Last December, Airbnb collaborated with the Multimedia Development Corporation, the International Trade and Industry Ministry and the Tourism and Culture Ministry to conduct a pilot project in Malacca, helping list 130 village homestays and giving them the visibility, which they could not have been able to achieve by themselves. Speaking to The Star in July, an Airbnb representative pronounced Malaysia as an “exciting growth market”. Presently, the large majority of Airbnb hosts in Malaysia rent out their spare rooms or their homes occasionally for some extra income; but the idea of using Airbnb to rent out their homes commercially, as Evelyn does, is catching on.
Even property developers and real estate agents, with their finger on the pulse of the property market, are noticing an emerging trend amongst investors: there are purchasers who buy with the sole intent of renting out through Airbnb, and investment buyers are less anxious about finding a tenant because they can find short-term renters in the interim.
A study by financial website, Smartasset.com, found that in some cities in the United States, hosts renting out the spare room in a two-bedroom apartment could cover more than half of their monthly rent, with only 60% to 86% average occupancy rate, depending on the city; in New York, where rental rates are notoriously high, a host could potentially earn more than half of the monthly rental; in Houston, a host could stand to cover the entire monthly rental with the Airbnb income, with some extra income leftover.

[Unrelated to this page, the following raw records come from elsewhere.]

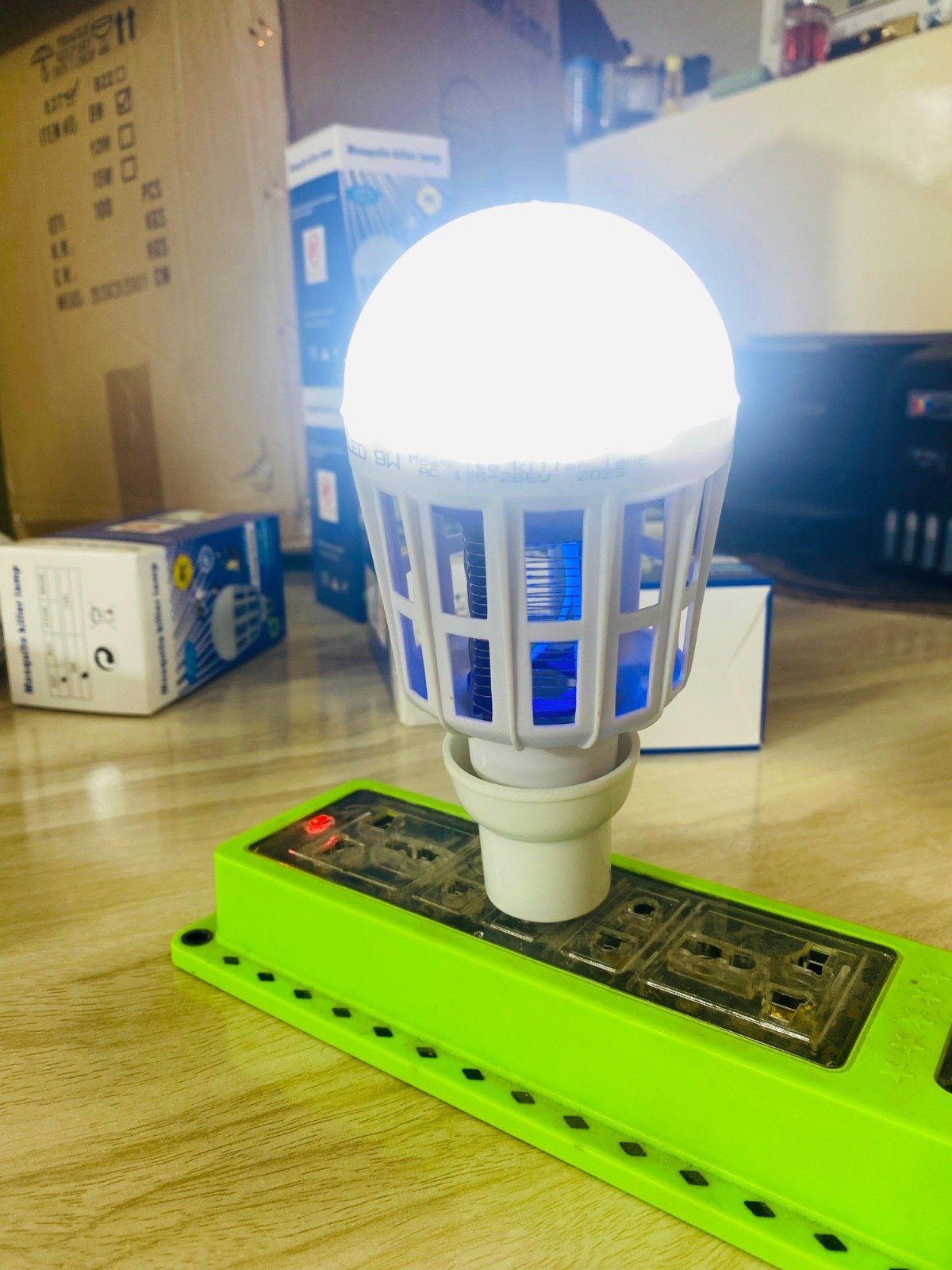 Mosquito Killer Bulb – 2-in-1 UV Mosquito Killer & Energy-Saving LED Light - Image 5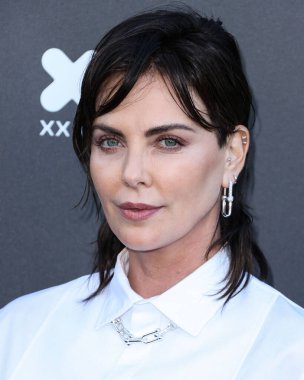 Güney Afrikalı-Amerikalı aktris Charlize Theron, 11 Haziran 2022 'de Universal Studios Backlot' ta düzenlenen Charlize Theron Afrika Sosyal Yardım Projesi 'ne (CTAOP) geldi.. 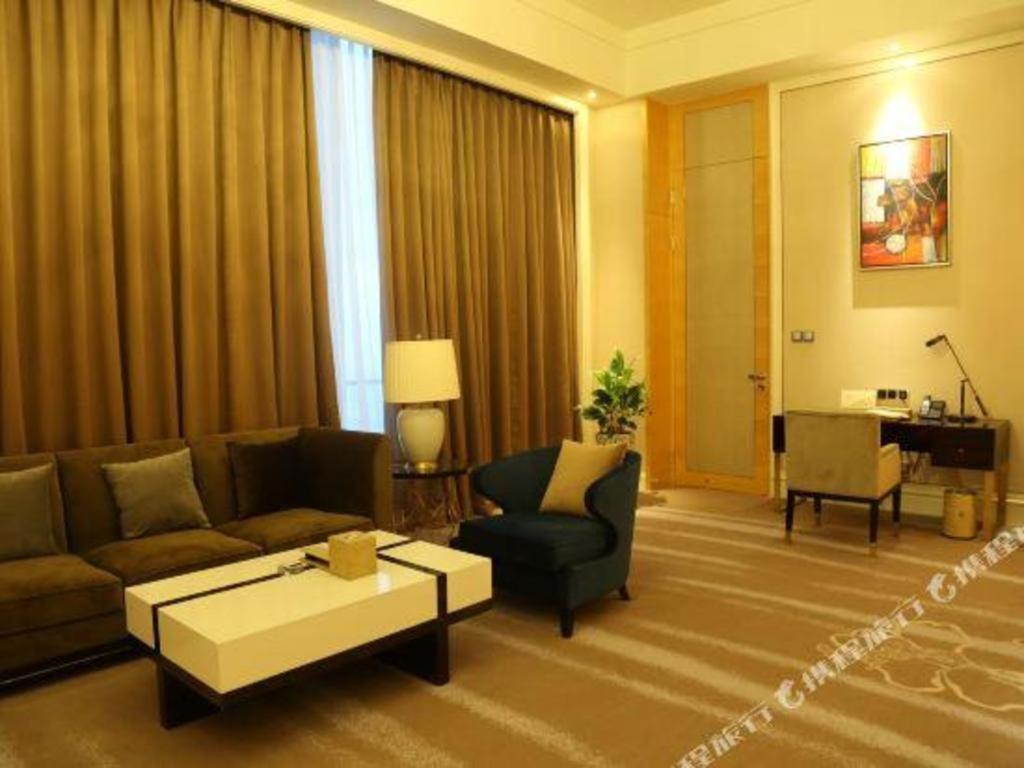 Ming Du Lakeside Hotel หนานหนิง ภายนอก รูปภาพ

However, as with many online businesses that grow without the limits of geography and borders, they soon enough meet with pushback in the form of local governments and affected businesses, such as hotels. When speaking in a press conference late last year, Chairman of the Malaysia Budget Hotels Association (Johor), Lee Yean Fu, admitted that budget hotel operators are finding it hard to operate a viable business, with its biggest threats being
services like Airbnb and homestay programmes. According to Lee, oversupply of condominiums has resulted in the addition of thousands of holiday accommodation being offered to travellers, and the number keeps rising. In Penang, some landlords have already been slapped with fines of up to RM250 for providing homestay lodgings without a license. Other governments have chosen to adapt to the digital age, rather than hold on to existing laws. In popular global destinations – such as Paris, Milan, Amsterdam, some cities in the United States and recently the United Kingdom – laws that promote collaborative economy are already in effect. In London, one can now rent out one’s home for a maximum of 90 days per year, without applying or paying for a permit.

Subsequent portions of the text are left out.